The traditional approach to this is to classify accounts as spam or shills separate from how the data will be used. The classifiers minimize the error rates (false positive and false negative), then treat all borderline cases as not spam. The idea here is to do almost the opposite of that traditional approach, classify accounts as trustworthy, then use only those, ignoring anything unknown or borderline as well as known spammers and shills.
This works because how the data will be used as well as the bad incentives for spammers and propagandists are really sensitive to false negatives (letting in any manipulation at all of the recommender algorithms) but not very sensitive to false positives (accidentally not using some of the data that might have actually been fine to use). Letting in even one shill can badly impact recommenders, especially when shills target getting new content trending, but using less data of the lower quality data doesn't usually change the recommendations in ways that matter for people.

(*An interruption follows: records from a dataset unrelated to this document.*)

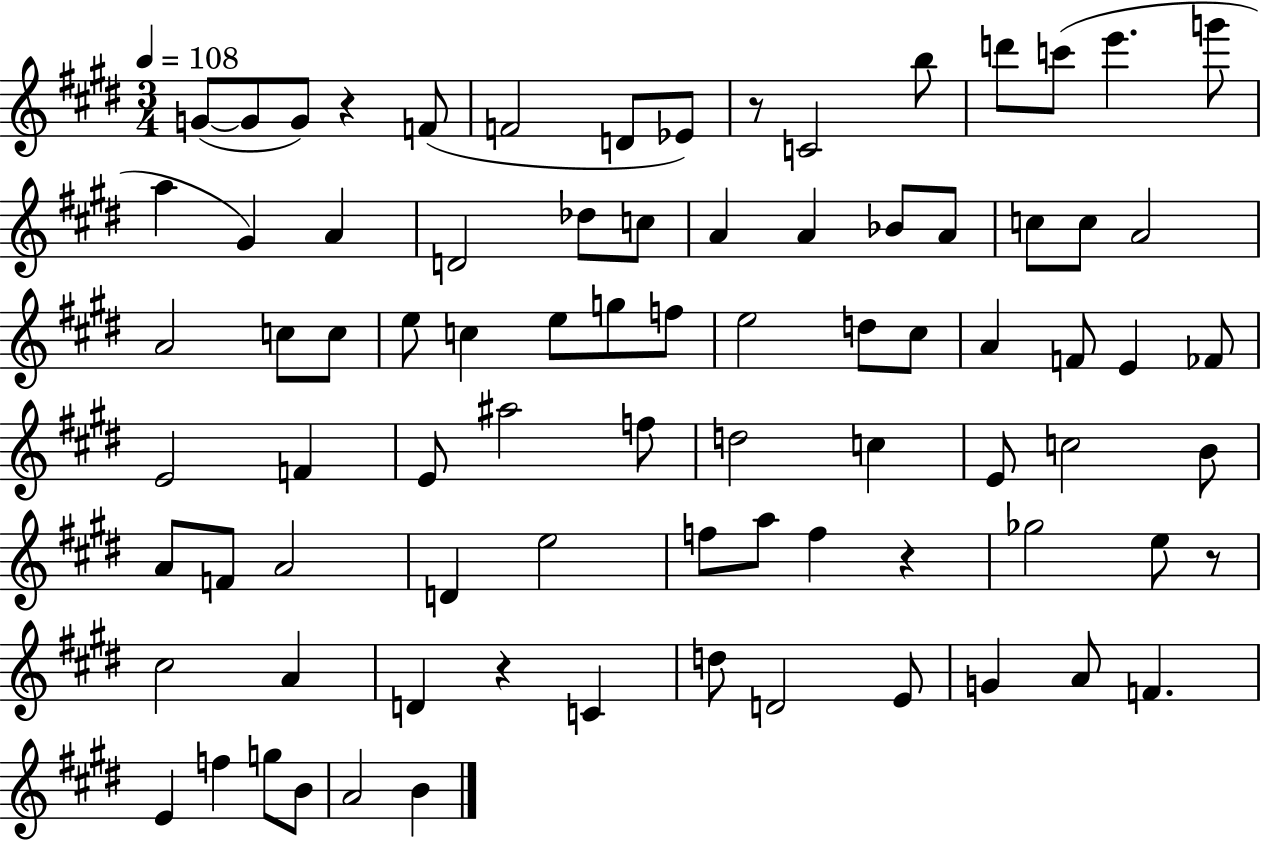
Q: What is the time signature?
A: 3/4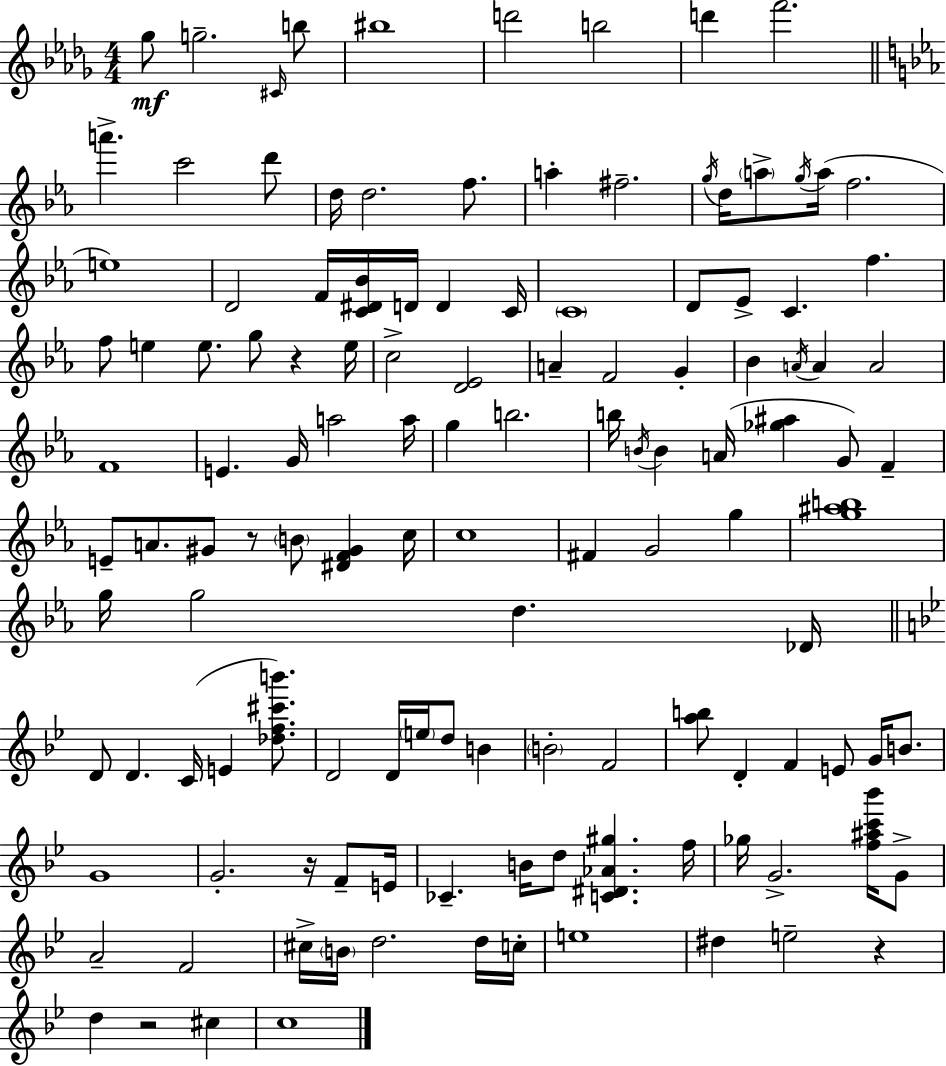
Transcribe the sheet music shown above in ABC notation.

X:1
T:Untitled
M:4/4
L:1/4
K:Bbm
_g/2 g2 ^C/4 b/2 ^b4 d'2 b2 d' f'2 a' c'2 d'/2 d/4 d2 f/2 a ^f2 g/4 d/4 a/2 g/4 a/4 f2 e4 D2 F/4 [C^D_B]/4 D/4 D C/4 C4 D/2 _E/2 C f f/2 e e/2 g/2 z e/4 c2 [D_E]2 A F2 G _B A/4 A A2 F4 E G/4 a2 a/4 g b2 b/4 B/4 B A/4 [_g^a] G/2 F E/2 A/2 ^G/2 z/2 B/2 [^DF^G] c/4 c4 ^F G2 g [g^ab]4 g/4 g2 d _D/4 D/2 D C/4 E [_df^c'b']/2 D2 D/4 e/4 d/2 B B2 F2 [ab]/2 D F E/2 G/4 B/2 G4 G2 z/4 F/2 E/4 _C B/4 d/2 [C^D_A^g] f/4 _g/4 G2 [f^ac'_b']/4 G/2 A2 F2 ^c/4 B/4 d2 d/4 c/4 e4 ^d e2 z d z2 ^c c4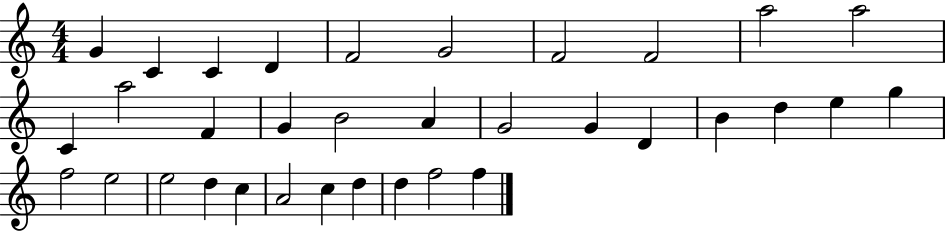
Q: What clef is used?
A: treble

This isn't my idea or a new idea, by the way. It's actually a quite old idea, talked about in papers like TrustRank, Anti-TrustRank, and Wisdom of the Few, and similar techniques are applied already by companies like Google for dealing with web spam.
The world has changed in the last decade. Especially on social media, there is rampant manipulation of wisdom of the crowd data such as likes and shares. A big part of the problem is the algorithms like trending, search, and recommender systems that pick up the manipulated data and use it to amplify shilled content. That makes it quite profitable and easy for disinformation and scams.
Places like Amazon, Facebook, and Twitter are swimming in data, but their problem is that a lot of it is untrustworthy and shilled. But you don't need to use all the data. Toss big data happily, anything suspicious at all, false positives galore accidentally marking new accounts or borderline accounts as shills when deciding what to input to the recommender algorithms. Who cares if you do?